REQUIRED ACTION: Starting at the line that holds "GM OEM 2015" and stopping at the line that holds "234, Gunnersbury Avenue, London photo 2", restate the records below word for word, with both of those lines included.

RECORDS SUPPLIED:
# # # #

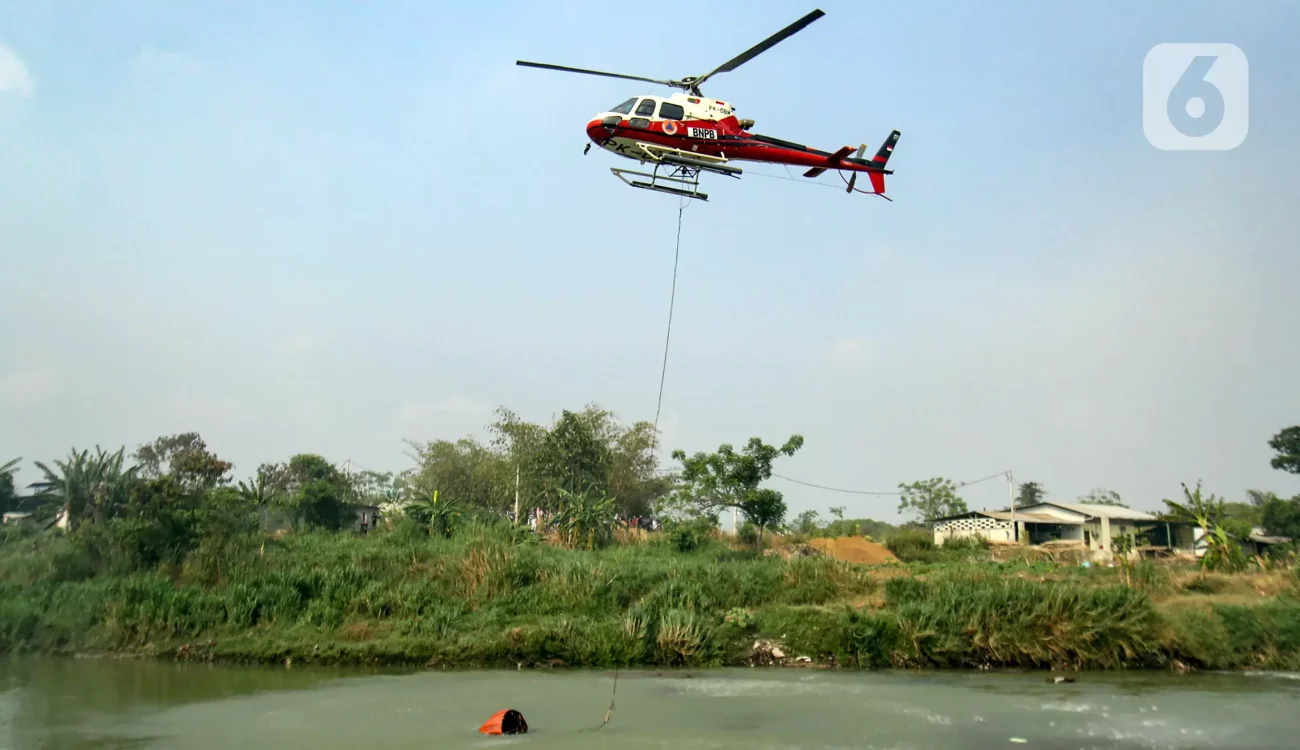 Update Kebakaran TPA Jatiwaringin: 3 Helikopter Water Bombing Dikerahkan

# # # #

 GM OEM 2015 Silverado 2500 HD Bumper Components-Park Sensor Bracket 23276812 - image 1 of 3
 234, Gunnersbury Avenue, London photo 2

# # # #

RESPONSE TO THIS TASK:
 GM OEM 2015 Silverado 2500 HD Bumper Components-Park Sensor Bracket 23276812 - image 1 of 3
 234, Gunnersbury Avenue, London photo 2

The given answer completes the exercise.